Trump’s failure to bring back coal jobs wasn’t because his affection for the fuel source was insincere. He certainly had as coal-friendly an administration as one could imagine; his second pick to run the Environmental Protection Agency was a coal lobbyist. But the triumvirate of forces that drove those job reductions — automation, emissions-limiting regulations, and competition from fracked natural gas — were irresistible.
The second path for a politician confronting the structural decline of coal is to take concrete steps to create new opportunities in coal country that offer people a better economic future. That was what the Biden administration tried to do. As part of its clean energy push, Biden put a particular focus on siting new projects in underserved communities, including in areas where coal still defines the culture even though the jobs are long gone. The administration also directed hundreds of millions of dollars in funding “to ensure former coal communities can take full advantage of the clean energy transition and continue their leading role in powering our nation,” in the words of then-Energy Secretary Jennifer Granholm. Or as the Treasury Department put it, the administration was working “to strengthen the economies of coal communities and other areas that have experienced underinvestment in past decades.” These were real commitments, backed up by real dollars.
Today, the new Trump administration is committed to freezing, reversing, and clawing back as much of Biden’s clean energy agenda as it can. Whether that includes these investments in coal country remains to be seen.
There’s good reason to believe it will, however, both because of the antipathy Trump and his team hold for anything that has Biden’s fingerprints on it, and because Trump understands the fundamental truth of his political relationship to coal country: Its support for him is unshakeable, no matter the policy outcome.
Take just one example: Harlan County, Kentucky, site of the extraordinary 1976 documentary Harlan County, USA, which chronicled a strike by miners demanding fair wages and working conditions. Coal is still being mined in Harlan County, but as of 2023, only 577 people there were employed in the industry, or about one in every 19 working-age people in the county. It remains overwhelmingly white and overwhelmingly poor — and the voters there love Trump. He got 84.9% of the vote in 2016, 85.4% in 2020, and 87.7% in 2024.
It might be fair to ask what people in Harlan County and across coal country have to show for their support for the president. The absolute best he can offer them is that while coal will continue to decline under his presidency, it might decline a bit slower than it otherwise would have. Even if escalating electricity demand offers an opportunity for the coal industry, there’s little reason to believe it will reverse coal’s decline in America. At most it could flatten the curve, allowing some coal plants to remain in operation a few years longer than planned.
A future where coal is at most a miniscule part of America’s energy mix with a tiny labor force producing it seems inevitable. Most people in coal country understand that, as much as they might like it to be otherwise.

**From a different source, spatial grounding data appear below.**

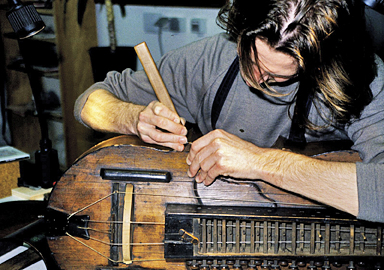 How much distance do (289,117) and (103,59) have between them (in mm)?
1448

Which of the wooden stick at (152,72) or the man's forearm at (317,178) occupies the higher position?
the wooden stick at (152,72)

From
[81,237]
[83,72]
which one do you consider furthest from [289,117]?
[83,72]

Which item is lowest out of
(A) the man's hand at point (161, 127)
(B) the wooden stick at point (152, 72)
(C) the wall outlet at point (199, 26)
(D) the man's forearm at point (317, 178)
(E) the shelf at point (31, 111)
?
(E) the shelf at point (31, 111)

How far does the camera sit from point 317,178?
3.57 feet

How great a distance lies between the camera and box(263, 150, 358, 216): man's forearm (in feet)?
3.47

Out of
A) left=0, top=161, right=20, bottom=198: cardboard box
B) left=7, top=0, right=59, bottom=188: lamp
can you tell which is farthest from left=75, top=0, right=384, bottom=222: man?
left=0, top=161, right=20, bottom=198: cardboard box

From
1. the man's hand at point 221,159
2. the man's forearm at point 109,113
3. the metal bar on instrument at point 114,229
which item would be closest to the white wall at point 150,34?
the man's forearm at point 109,113

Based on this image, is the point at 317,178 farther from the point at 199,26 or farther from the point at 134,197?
the point at 199,26

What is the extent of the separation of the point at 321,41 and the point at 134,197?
0.75 meters

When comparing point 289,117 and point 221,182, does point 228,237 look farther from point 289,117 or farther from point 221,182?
point 289,117

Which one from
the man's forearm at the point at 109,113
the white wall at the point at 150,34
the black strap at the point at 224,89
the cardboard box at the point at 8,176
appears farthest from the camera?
the white wall at the point at 150,34

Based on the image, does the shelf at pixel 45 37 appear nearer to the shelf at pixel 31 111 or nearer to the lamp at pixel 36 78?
the lamp at pixel 36 78

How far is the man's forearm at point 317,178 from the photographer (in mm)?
1058

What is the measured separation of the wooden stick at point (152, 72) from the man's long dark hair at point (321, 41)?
0.28 meters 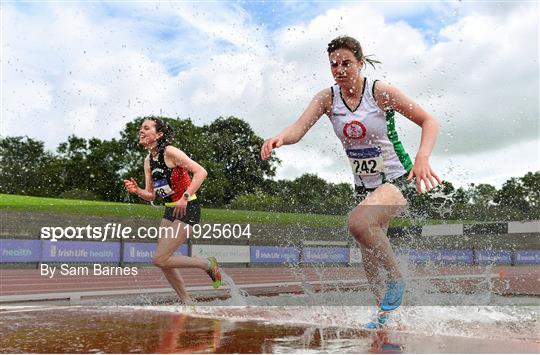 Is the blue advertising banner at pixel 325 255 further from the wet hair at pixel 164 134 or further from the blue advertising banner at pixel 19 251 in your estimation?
the wet hair at pixel 164 134

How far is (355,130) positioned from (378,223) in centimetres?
70

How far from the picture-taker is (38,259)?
17031mm

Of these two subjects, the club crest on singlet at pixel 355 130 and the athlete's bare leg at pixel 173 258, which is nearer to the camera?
the club crest on singlet at pixel 355 130

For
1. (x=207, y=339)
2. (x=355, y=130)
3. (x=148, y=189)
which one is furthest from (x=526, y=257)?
(x=207, y=339)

If only their favorite politician would admit it to them — and commit to offering them more than fables — they could start building something better.

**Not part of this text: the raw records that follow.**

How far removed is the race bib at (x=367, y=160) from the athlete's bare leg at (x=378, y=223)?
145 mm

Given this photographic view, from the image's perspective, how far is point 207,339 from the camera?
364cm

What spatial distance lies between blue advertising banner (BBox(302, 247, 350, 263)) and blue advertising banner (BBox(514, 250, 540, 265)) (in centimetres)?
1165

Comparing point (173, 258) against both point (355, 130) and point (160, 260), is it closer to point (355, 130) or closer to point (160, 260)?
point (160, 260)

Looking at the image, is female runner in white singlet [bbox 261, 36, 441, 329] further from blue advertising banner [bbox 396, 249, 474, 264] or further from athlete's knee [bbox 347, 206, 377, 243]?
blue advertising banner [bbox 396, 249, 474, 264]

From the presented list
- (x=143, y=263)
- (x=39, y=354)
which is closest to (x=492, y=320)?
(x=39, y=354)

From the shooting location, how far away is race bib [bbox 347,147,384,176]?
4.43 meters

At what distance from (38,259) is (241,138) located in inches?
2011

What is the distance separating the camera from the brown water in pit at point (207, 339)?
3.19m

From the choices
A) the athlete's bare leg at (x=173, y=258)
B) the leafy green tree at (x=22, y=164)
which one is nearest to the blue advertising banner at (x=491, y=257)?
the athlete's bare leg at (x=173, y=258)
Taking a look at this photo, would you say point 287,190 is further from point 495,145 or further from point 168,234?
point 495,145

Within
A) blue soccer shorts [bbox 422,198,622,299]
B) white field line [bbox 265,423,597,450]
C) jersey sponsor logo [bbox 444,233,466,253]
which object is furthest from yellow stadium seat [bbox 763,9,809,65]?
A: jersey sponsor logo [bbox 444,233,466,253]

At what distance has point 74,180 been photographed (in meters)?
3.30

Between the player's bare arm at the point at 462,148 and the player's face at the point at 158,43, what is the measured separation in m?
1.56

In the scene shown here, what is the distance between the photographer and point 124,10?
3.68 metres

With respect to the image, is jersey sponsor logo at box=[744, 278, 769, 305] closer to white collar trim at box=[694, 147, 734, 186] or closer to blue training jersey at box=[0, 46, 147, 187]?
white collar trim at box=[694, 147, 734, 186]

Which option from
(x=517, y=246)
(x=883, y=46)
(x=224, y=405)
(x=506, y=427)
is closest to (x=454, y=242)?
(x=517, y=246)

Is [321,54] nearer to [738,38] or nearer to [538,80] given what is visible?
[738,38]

Companies, states, cities, and other entities with Energy Department contracts that had community benefit plans embedded in them have been ordered to stop all work.

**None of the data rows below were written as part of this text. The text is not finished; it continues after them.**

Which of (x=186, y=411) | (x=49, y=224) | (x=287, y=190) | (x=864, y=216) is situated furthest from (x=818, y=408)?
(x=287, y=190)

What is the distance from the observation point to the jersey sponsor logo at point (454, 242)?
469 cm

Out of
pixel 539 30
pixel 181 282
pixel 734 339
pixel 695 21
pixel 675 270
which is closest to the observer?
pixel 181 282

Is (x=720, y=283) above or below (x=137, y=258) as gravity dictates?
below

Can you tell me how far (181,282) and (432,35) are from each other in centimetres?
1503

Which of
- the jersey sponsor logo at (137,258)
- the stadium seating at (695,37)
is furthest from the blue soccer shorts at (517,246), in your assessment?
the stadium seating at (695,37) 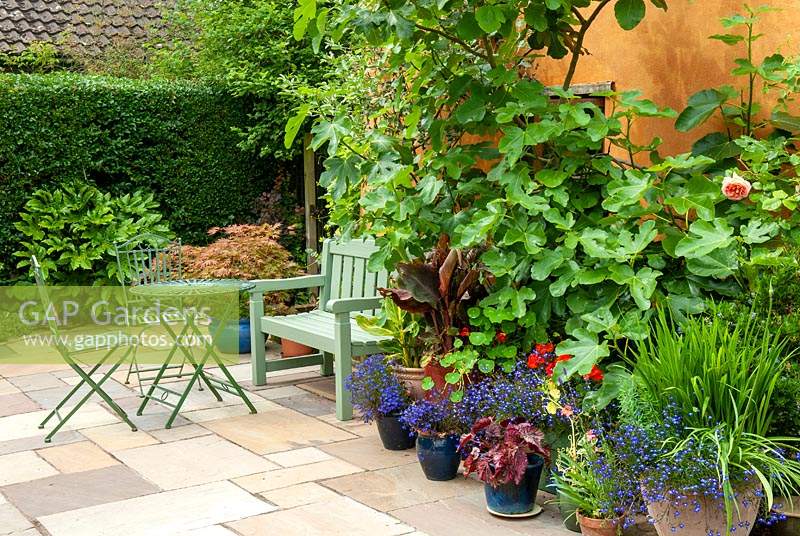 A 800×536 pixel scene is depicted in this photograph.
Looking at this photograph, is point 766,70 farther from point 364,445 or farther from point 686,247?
point 364,445

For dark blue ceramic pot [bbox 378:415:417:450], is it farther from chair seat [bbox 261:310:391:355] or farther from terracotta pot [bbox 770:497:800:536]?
terracotta pot [bbox 770:497:800:536]

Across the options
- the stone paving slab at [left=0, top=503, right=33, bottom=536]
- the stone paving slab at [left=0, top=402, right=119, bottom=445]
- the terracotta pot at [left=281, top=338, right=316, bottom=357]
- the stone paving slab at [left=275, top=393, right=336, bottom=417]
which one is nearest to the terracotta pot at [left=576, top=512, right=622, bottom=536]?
the stone paving slab at [left=0, top=503, right=33, bottom=536]

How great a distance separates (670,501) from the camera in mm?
3301

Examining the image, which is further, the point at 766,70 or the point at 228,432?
the point at 228,432

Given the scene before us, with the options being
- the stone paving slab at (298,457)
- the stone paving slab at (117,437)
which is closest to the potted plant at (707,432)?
the stone paving slab at (298,457)

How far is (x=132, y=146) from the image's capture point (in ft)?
29.3

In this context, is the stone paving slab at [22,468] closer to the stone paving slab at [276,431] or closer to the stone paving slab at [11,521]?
the stone paving slab at [11,521]

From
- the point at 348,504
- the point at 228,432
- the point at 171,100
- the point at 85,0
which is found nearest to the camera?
the point at 348,504

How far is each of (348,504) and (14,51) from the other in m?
8.80

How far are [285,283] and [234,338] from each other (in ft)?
5.10

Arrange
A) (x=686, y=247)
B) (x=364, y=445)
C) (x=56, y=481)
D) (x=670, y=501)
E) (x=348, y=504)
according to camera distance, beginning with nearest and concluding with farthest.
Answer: (x=670, y=501), (x=686, y=247), (x=348, y=504), (x=56, y=481), (x=364, y=445)

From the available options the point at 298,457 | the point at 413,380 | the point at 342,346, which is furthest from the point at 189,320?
the point at 413,380

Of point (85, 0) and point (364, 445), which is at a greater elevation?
point (85, 0)

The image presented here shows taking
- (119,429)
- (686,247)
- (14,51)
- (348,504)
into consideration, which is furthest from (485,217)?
(14,51)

Amidst the chaos surrounding President Trump’s pause on infrastructure and climate spending, another federal funding freeze is going very much under the radar, undermining energy and resilience projects across the U.S. and its territories.
Days after Trump took office, acting Energy Secretary Ingrid Kolb reportedly told DOE in a memo to suspend any work “requiring, using, or enforcing Community Benefit Plans, and requiring, using, or enforcing Justice40 requirements, conditions, or principles” in any loan or loan guarantee, any grant, any cost-sharing agreement or any “contracts, contract awards, or any other source of financial assistance.” The memo stipulated this would apply to “existing” awards, grants, contracts and other financial assistance, according to E&E News’ Hannah Northey, who first reported the document’s existence.
Justice40 was Biden’s signature environmental justice initiative. Community benefit plans were often used by Biden’s DOE to strengthen the potential benefits that projects could have on surrounding local economies and were seen as a vehicle for environmental justice. When we say often, we mean it: some high profile examples of these plans include those used for the Holtec Palisades nuclear plant restart in Michigan and the agency’s battery materials processing and recycling awards.
After Kolb’s edict went out, companies, states, cities, and other entities with DOE contracts that had community benefit plans embedded in them were ordered to stop all work, according to multiple letters to contract recipients reviewed by Heatmap News. “Recipients and subrecipients must cease any activities, including contracted activities, and stop incurring costs associated with DEI and CBP activities effective as of the date of this letter,” one letter reads, adding: “Costs incurred after the date of this letter will not be reimbursed.”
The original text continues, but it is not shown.